# newbie (sort of) advice please



## stevebrum74 (Apr 18, 2018)

Hi all for a few years about 5 i think i had a series 1 box that we used to record our scart connected CCTV camera for 23hrs and 55 minutes a day.
Eventually that Tivo died, and its was binned (honourable bin death of course) then i moved house, been here for about six weeks or so, and i finally got into the loft, there i find a shiny (it certainly looks brand new) series 1 Tivo in its box with all IR blasters remote control. It all powers up, and i did a manual recording via scart and it all works flawlessly.
Dancing around the net brought me here. 
So how many S1 tivo users are there now?
I realise that there are now lots of lovely gadgets and gizmos that can do what Tivo can do and more, but im loath to throwing something away that works.


----------



## OzSat (Feb 15, 2001)

not many now it would seem


----------



## dd_ (May 13, 2006)

I was wondering the same thing, which is what brought me back here after so long.
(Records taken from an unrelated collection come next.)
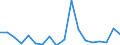 KN 85443000 /Exporte /Einheit = Preise (Euro/Tonne) /Partnerland: Liechtenstein /Meldeland: Eur27_2020 /85443000:Zündkabelsätze und Andere Kabelsätze von der für Beförderungsmittel Verwendeten Art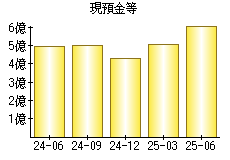 現預金等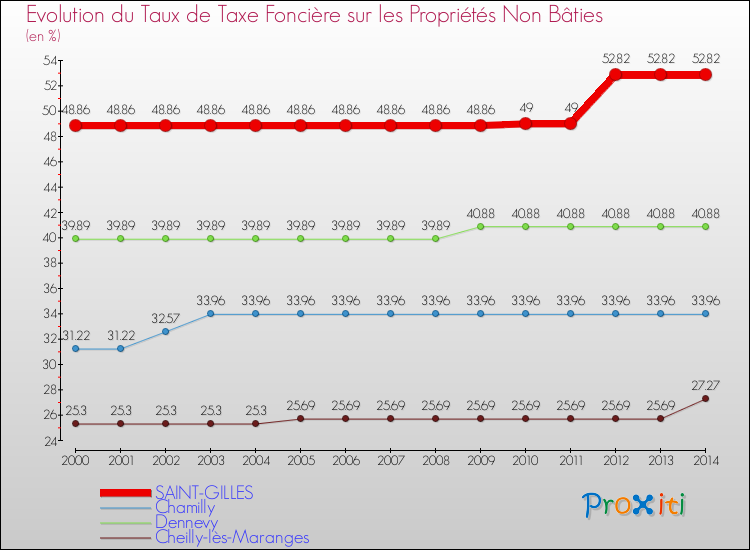 Evolution du taux de la taxe foncière sur les immeubles et terrains non batis pour SAINT-GILLES et les communes proches de 2000 à 2014 Comparaison des taux de la taxe foncière sur les immeubles et terrains non batis pour SAINT-GILLES et les communes voisines de 2000 à 2014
I'm still using a S1 (not updated for over a year) as a manual PVR for FreeSat and it's still going strong and is much more reliable than my friends new VTivo. Now that there seems to have been a big channel shake up, I really need to get it connected again. Over to Dave's AltEPG page, methinks, if it's still being updated?


----------



## asfafa (Jan 14, 2004)

probably less than 200 active S1 TiVos!

you should come over to the altepg.com forums where you can get more help and advice there...

Paul


----------